A plateia o ovacionou.
"Eu, Illumi Zoldyck, prometo estar com você, Hisoka Morrow, na alegria e na tristeza, na saúde e na doença, na riqueza e na pobreza, te amando, te respeitando e sendo fiel a você em todos os dias de minha vida, até que a morte nos separe.” Illumi também repetiu o típico discurso.
"Aqui, entregue ao seu amado e repita as minhas palavras." Chrollo entregou uma das alianças ao Morrow e disse outro clichê de matrimônios.
"Receba esta aliança como sinal do meu amor e da minha fidelidade.” Hisoka replicou a frase dita anteriormente ao colocar a aliança no anelar de Illumi.
"Receba esta aliança como sinal do meu amor e da minha fidelidade.” Illumi fez o mesmo enquanto adornava o dedo magricela do noivo com o anel de compromisso.
Illumi respirou fundo inconscientemente, o próximo momento seria aquele em que Chrollo mataria Hisoka.
"E agora vamos para a clássica frase: se alguém se opõe a esse casamento, fale agora ou cale-se para sempre."
Kurapika ergueu a mão direita, causando alvoroço entre os presentes. Ao notar o olhar cúmplice do loiro com o quase esposo, Illumi se acalmou — ainda que isso fugisse dos planos de seu patrão, com quem deveria de fato de se importar —, só poderia ser mais um dos caprichos loucos de Hisoka.
"Diga, meu rapaz." Chrollo instigou, se corroendo por dentro. As coisas estavam saindo do seu controle.
"Contra a união eu não tenho nada, mas contra o filho da puta do cerimonialista eu tenho."
"Ele tem mesmo." Leorio confirmou.
"Chrollo Lucilfer não é nada mais que um latifundiário mercenário, capaz de mandar exterminar povos só pra expandir o seu poder. Foi o que ele fez com a minha família, seus homens estupraram as nossas mulheres, venderam as nossas crianças, mataram todos cruelmente e deixaram seus corpos em um aterro a céu aberto para os abutres comerem." Illumi poderia jurar que viu um feixe vermelho permear o olhar de Kurapika.
"Então você é um Kurta, não é? Você deve me entender, o mundo dos negócios funciona assim. Os fracos são carne e os fortes comem, é o ciclo da vida." Chrollo deu de ombros, tomado pela raiva.

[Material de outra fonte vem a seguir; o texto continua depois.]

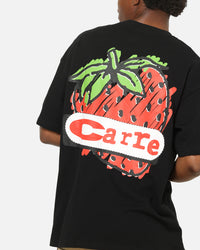 Carre Strawberry T-Shirt Black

Aconteceu rápido demais, em um segundo Chrollo estava debochando do loiro e no outro ele estava caído no chão ao lado de Illumi, manchando os sapatos novos do Zoldyck com seu sangue. Quando ouviram o disparo da pistola de Kurapika, os convidados se agitaram e saíram desesperados do bar, deixando somente o casal e o corpo inerte do Lucilfer no meio do palco.
"Acho que essa seria a hora em que ele diria que eu posso beijar o noivo. Então venha cá, ma doux."
Hisoka pisou em Lucilfer para poder envolver Illumi em seus braços e iniciar o ósculo que encabeçava uma nova era: a vida de casados.